New York, New York. The city so nice they named it twice.
New York is a magical place to live. There are terrific universities, great restaurants, and every aspect of high and low culture anyone could ever want. Every day is an adventure, yet buried below all of the nice things that have happened to me while I grew up in New York are a few painful events, the memories of which fade but continue to leave marks, pale shadows like the ashy, circular, black burns a fire’s sparks leave on a hearth rug. In June 2015, it was eighteen years since I began the process of surviving the murder of my graduate school friend Jon. Although at the time, I recognized the horror of the day, I didn’t realize immediately the ancillary ramifications of it. The gunshot killed Jon but also much more.
On May 30, 1997, someone who wanted to rob Jon also chose to kill him; intentionally chose, first by torture and then by a gunshot to the base of the skull, presumably to stop him from reporting the crime. He knew his assailant; it wasn’t random street crime. Perhaps if it were it would make more sense.
No one learned of the event until a few days later when Jon failed to appear for work. And then, as they say, all Hell well and truly broke loose, because Jon’s father was famous. Within two weeks the perpetrators, hardly criminal masterminds, had been apprehended and relayed their side of the story to the NYPD and the newspapers, then, ultimately, the English-speaking world. The numbness, which had begun with the initial shock, began to recede like an ebb tide, leaving an amazingly large amount of room in my heart for pain.
In mid-July 1997 I attended a pretrial meeting at the Manhattan District Attorney’s office with Jon’s mother, Carol. At one point, after Carol had gone to the ladies room, I naively asked the ADA whether she believed that they would secure a conviction because I would hate for my friend to have died for nothing. “I have news for you,” she replied curtly, gathering her papers, “your friend died for nothing, anyway.” Her observation shocked me at the time, although later I realized that it was true. I couldn’t have believed her on that sweaty July afternoon, though, because to do so would have left me unable to attend the trial that fall.
I remember entering Manhattan Criminal Court uncomfortably that cool October morning, scanning the public gallery for empty seats, and then pulling a little notebook from my handbag to scribble quick impressions so I could remember later what my senses were too overloaded to process.
We watched jury selection – twelve regulars and eight alternates (I wrote in my journal “are they expecting a high drop-out rate?”) and wondered what might really be learned about people from voir dire. I remember hearing the judge advise the jury to “use the same methods you use in your everyday life to determine if someone is telling the truth” and wondering what exactly those methods might be. The character analysis skills learned in English class didn’t seem to work in this room, especially since some in the jury pool (“Juror number 6 is trying to get off; says he’ll only be paid at work for 2 weeks so he can’t stay for 6”) didn’t care to determine anything at all.
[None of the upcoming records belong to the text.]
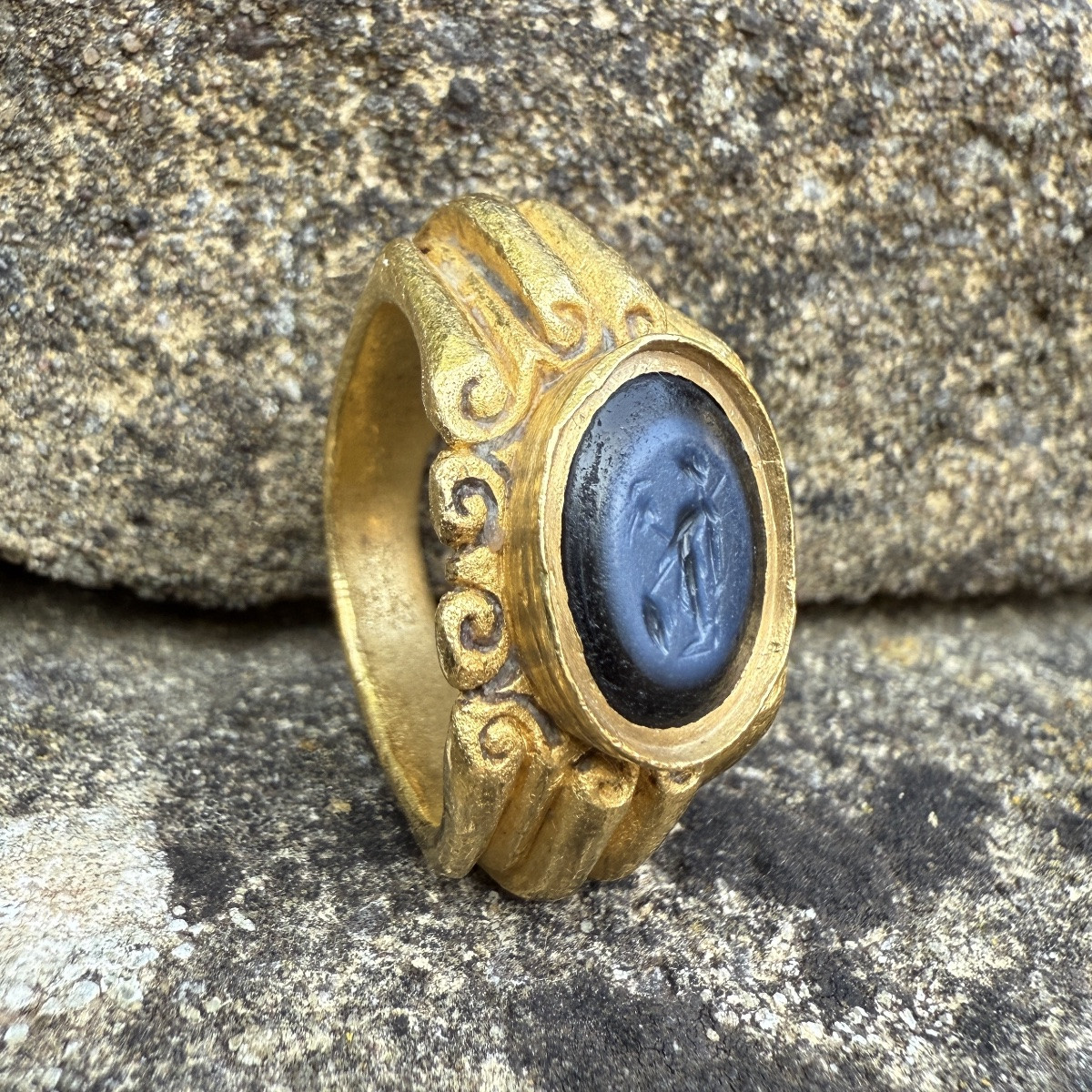 Lourde bague romaine en or sertie d'une intaille Nicolo. Époque romaine, IIIe siècle apr. J.-C.-photo-6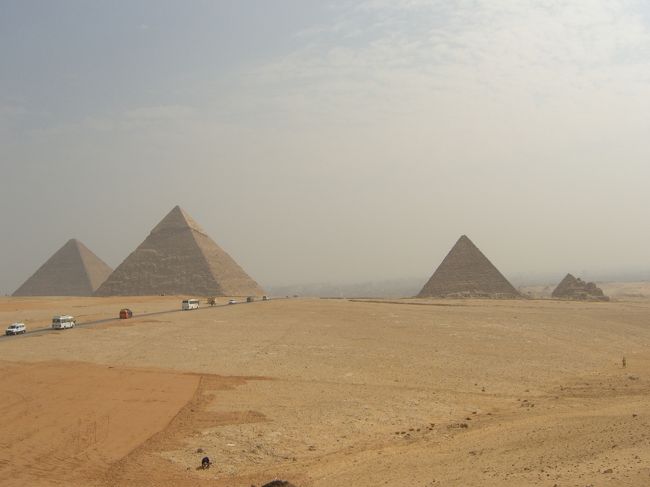 パノラマポイント！　ワンダフルビュー！<br /><br />３大ピラミッドが一望できます。<br />左から順にクフ王、２番目カフラー王、３番目メンカウラー王、４番目王妃たちのピラミッド<br />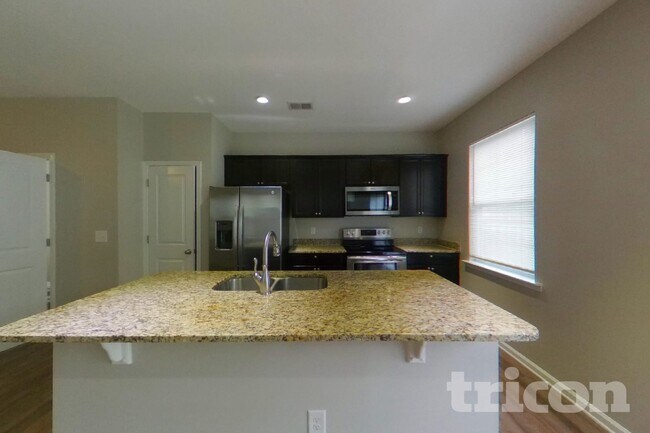 Foto del edificio - 323 Springwalk Ln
Among the worst moments of the trial were hearing from the Medical Examiner (“one puncture in the back of the neck – three shallow cuts across the throat – one right side stab wound which hit the liver – one gunshot wound directly into the brain”) and seeing the autopsy photos passed around (according to my journal, “one of the jurors has her head between her knees . . . Carol’s face is red, now white. I think she’s about to pass out . . . Jamie’s left the room . . . M.E. doesn’t recognize the photo of Jon because by the time he saw him the body was so badly decomposed.”)
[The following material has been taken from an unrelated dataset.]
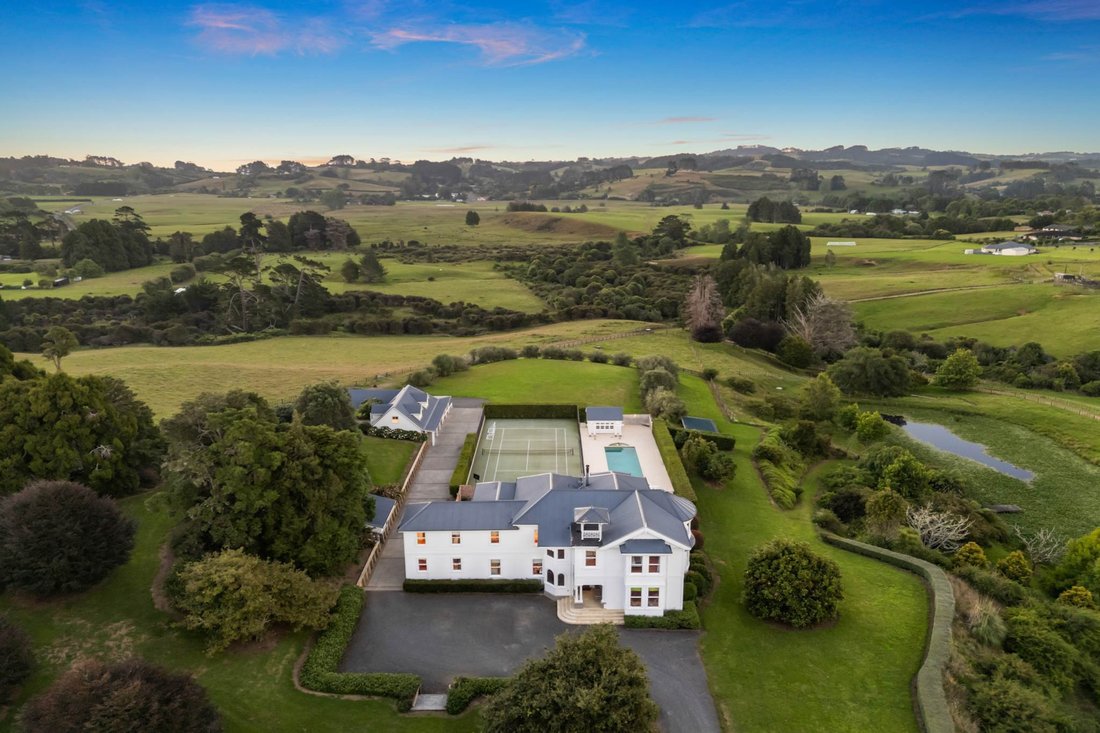 House in Ararimu, Auckland, New Zealand 4 - 17244696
After this, the long misery of jurisprudence, the moment I had previously thought was the nadir of it all – the second I learned of Jon’s murder – faded nearly to nothingness when a jury of my peers found Corey Arthur – the assailant who was arrested wearing clothes smeared with Jon’s blood – guilty of only second degree murder which earned him a sentence of twenty-five years to life. That day paled, too, later, when Corey’s accomplice, Montoun Hart, was acquitted.
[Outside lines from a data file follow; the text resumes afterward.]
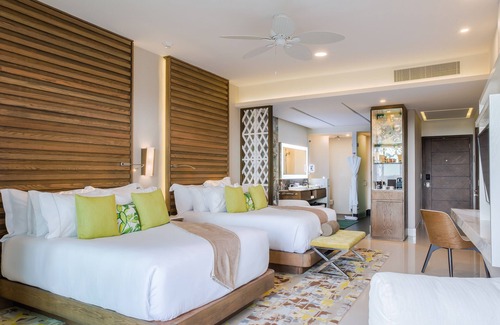 Puerto Juarez Station Balnéaire | Escape to Pure Luxury with the entire Family!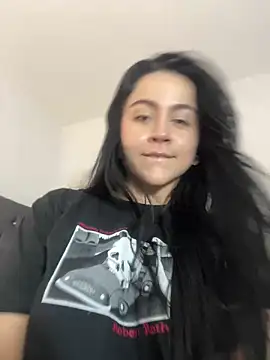 Snapshot of CoralineKam1 chatting on March 2025 02:47:01 PM CoralineKam1 online show from March 2025 02:47:01 PM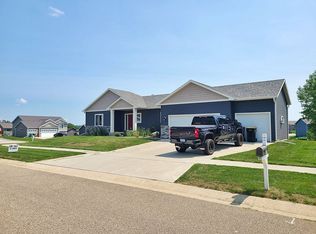 509 Verwood Ln NE, Byron, MN 55920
Then it was over. Except it wasn’t over. It isn’t over. Every May 6 is Jon’s birthday and every May 30 is the anniversary of his murder. Every June 2 is a recreation of the day his decomposed body was found.
Shakespeare was right when he wrote that the evil men do lives after them. Evil’s residue continues to blow over everyone involved in this event like ash from an incinerator. There is no escaping it.